Hmm...I'll try moving it to a completely different receptacle, with it's own surge protector, and see what happens.


----------



## M.C.A. (Feb 24, 2013)

*Multi-plug in electrical strips*



Maxx62 said:


> Hmm...I'll try moving it to a completely different receptacle, with it's own surge protector, and see what happens.


Check your multi-plug in electrical strips or change the one plugged into your Magic Jack unit I ran my generator on one of those and it wrecked it somehow, I over speed the little generator making coffee...LOL, anyway after that the electrical strip was damaging some of my gadgets, had to ditch the strip.

I had the Magic Jack back in 2008 and it seemed to get hot also and eventually burned up too! My internet or WiFi connection stateside was only 1G and it was barely usable, on rare events it worked but the phone calls were horrible so I agree with another poster they recommend higher internet speeds for the magic Jack, I see these Magic Jack units now are USB plug in's, mine was the larger unit with electrical lights, I'll bet in a few years it will be a downloadable application.

Technology will probably take this company out soon, with tablets and some phones you can run video calls with Skype for free.


----------



## jon1 (Mar 18, 2012)

mcalleyboy said:


> I'll bet in a few years it will be a downloadable application.


It already has a downloadable app for IOS and Android. You can install the app and make calls for free between Magic Jack users or buy a number, receive/make calls like the MagicJack Plus device uses. 

The internet throughput is the biggest part but if you are good on Skype you should be good on MagicJack.


----------



## overmyer (Aug 15, 2013)

Maxx62 said:


> Recently my Magic Jack adapter has developed an intermittent overheating problem, which causes it to stop working until I unplug it, and allow it to cool down for a few minutes. I have the power plugged into an AVR, so I'm pretty sure the voltage spikes are not the problem, and I'm keeping this thing away from direct sunlight also. Just wondering if anyone else has had this problem? I had the same problem when I first got it two years ago, but then the problem seemed to mysteriously resolve itself on it's own.


I had a Magic Jack Plus that did the same and then died completely when it was only a few months old.
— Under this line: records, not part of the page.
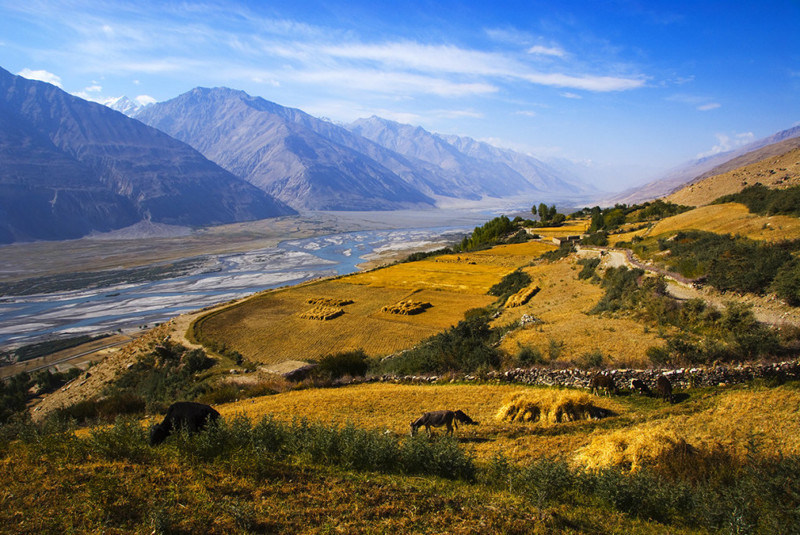 Река Пяндж — между Таджикистаном и Афганистаном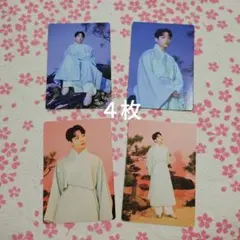 bts グク jungkook ミニフォト 2021 ダルマジュン 4枚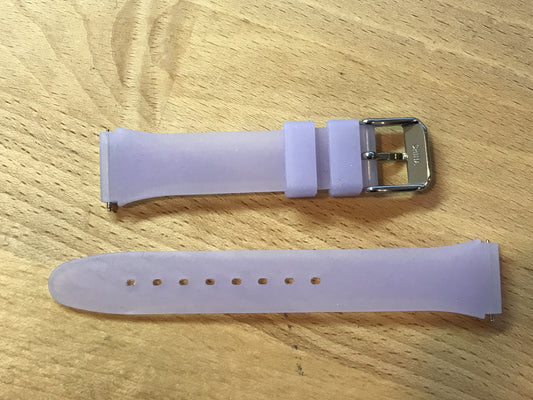18mm Light Purple Silicone Rubber Watch Strap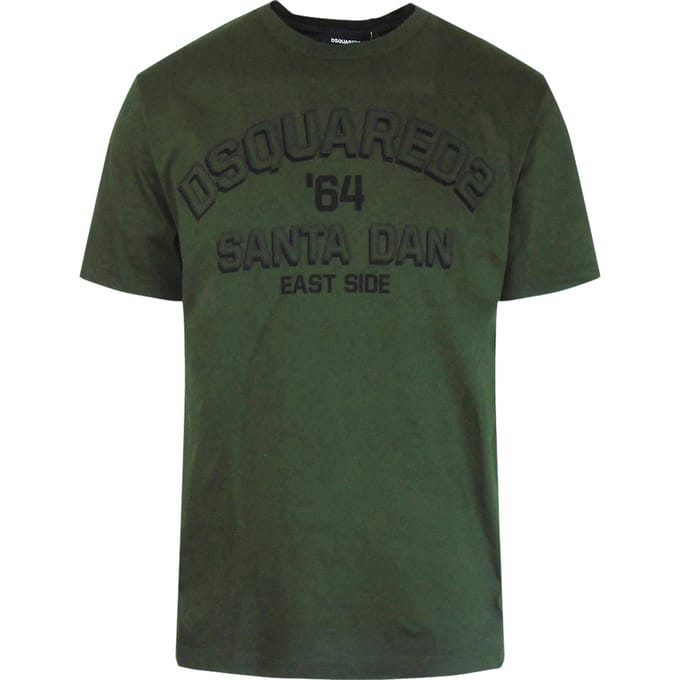 Dsquared2 Santa Dan 64 Donkergroen T-shirt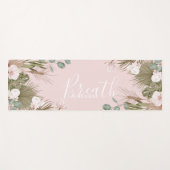 Chic Boho Botanical 'Breath' Personalisiert Yogamatte (Vorderseite (Horizontal))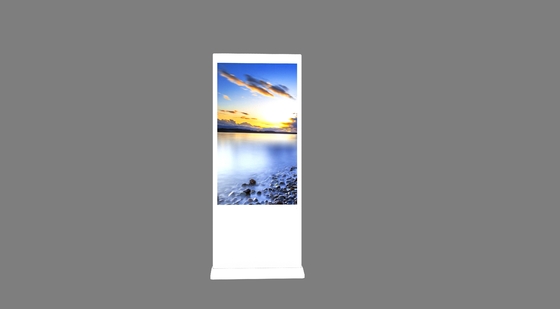 داخلي 43 بوصة أرضية قائمة تصميم مخصص سوبر ماركت LCD الإعلان العرض موقف كيوسك الإشارات الرقمية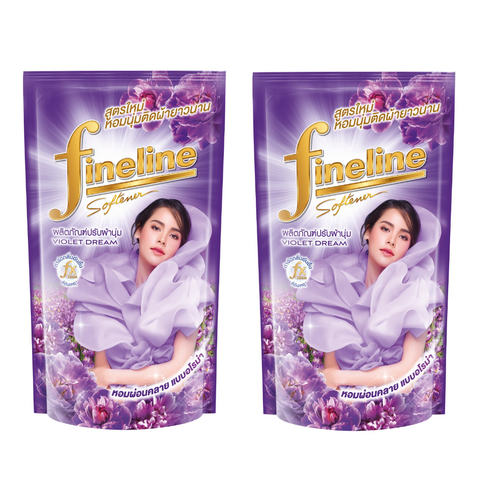 Fineline Кондиционер парфюмированный для белья Сиреневые грезы, 580 мл - 2 штуки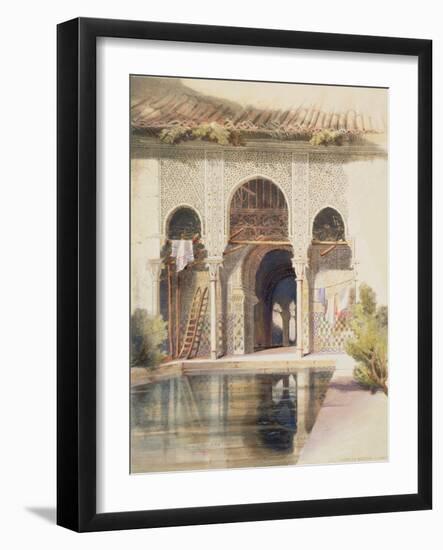 The Court of Myrtles, Alhambra, Mid-19th Century-A. Margaretta Burr-Framed Giclee Print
My older, original Magic Jack still works fine after all these years. I also use the app on my android smart phone and it also works fine. The app is linked to the original's number and I can pick up any incoming calls with it (as long as I have a wifi signal). I have not tested it using 3G mobile internet service.


----------



## Maxx62 (Dec 31, 2013)

Just a quick update, I moved my Magic Jack to its own power strip, and it seemed to be doing fine for a few hours, but then it glitched out again, and stopped working, but this time it didn't get hot before it failed. I added a cordless phone to my Magic Jack on Christmas, so I'm going to remove the cordless phone, and replace it with the original corded phone I've been using for the past two years without trouble.


----------



## Maxx62 (Dec 31, 2013)

Just a quick update in case anyone else is still looking at this. A couple of weeks ago I took the small USB power adapter, and flipped it around so that prongs switched position as they plug into the power strip. It still seems to be getting a little hotter than I like, but so far it hasn't seem to have glitched out or to have stopped working lately. I don't know if what I did actually had any cause/effect on the problem, but I thought I would include in case anyone else has same problem, and would like to give it a try. Hmm...I feel like I'm a caveman poking a dead bird with a stick. Hmm..What have we got here?


----------